══ Information provided ══

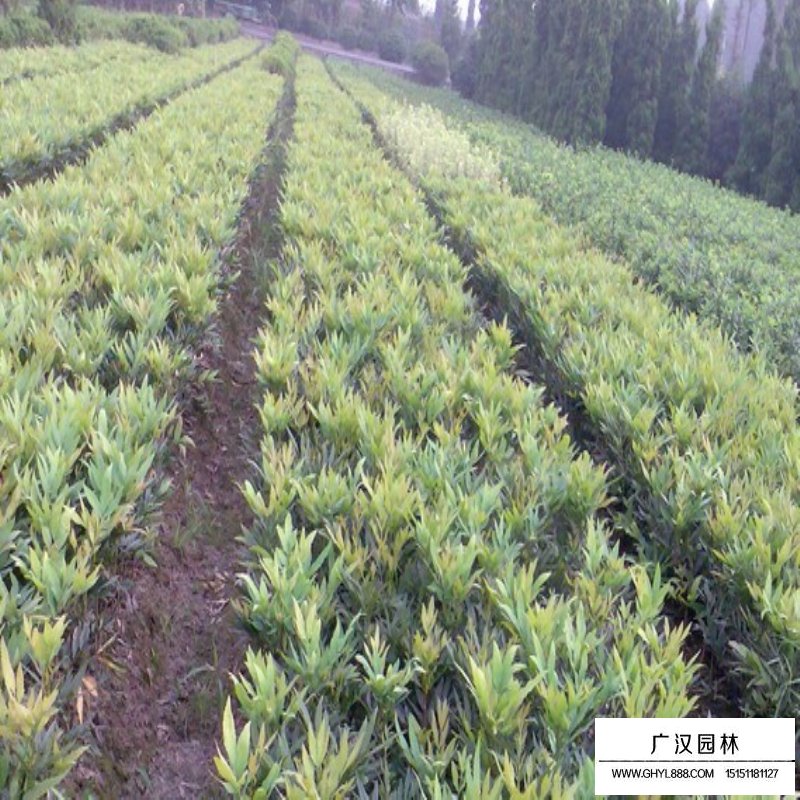 十大功勞價格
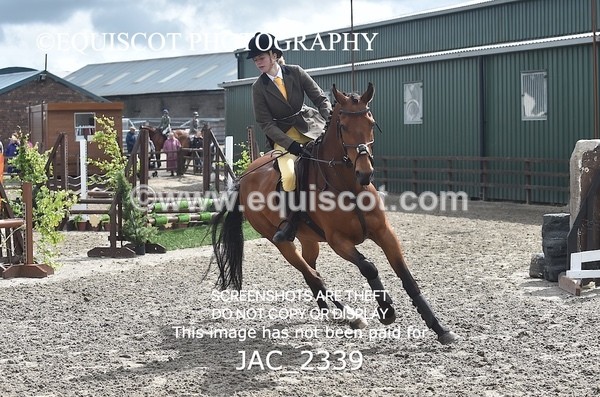 JAC_2339 - CLASS 3 Intermediate Working Hunter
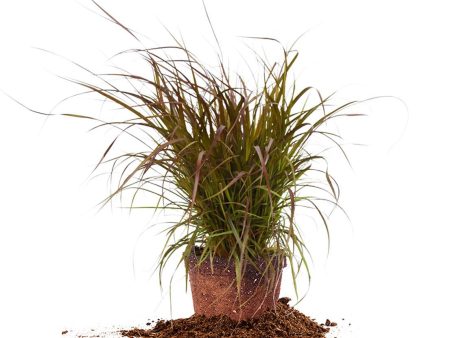 Fireworks Fountain Grass Shrub Sale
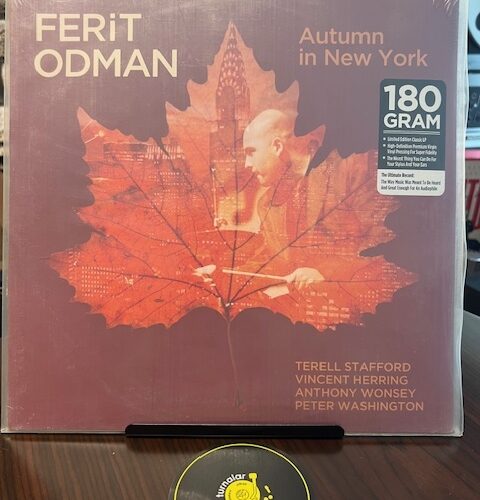 ferit-odman-autumn-in-new-york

═══

Exercise:
Nothing but the lines from the line with "JAC_2339 - CLASS" through the end of the listing should appear in the answer, each duplicated exactly, without pictures.

Task result:
 JAC_2339 - CLASS 3 Intermediate Working Hunter
 Fireworks Fountain Grass Shrub Sale
 ferit-odman-autumn-in-new-york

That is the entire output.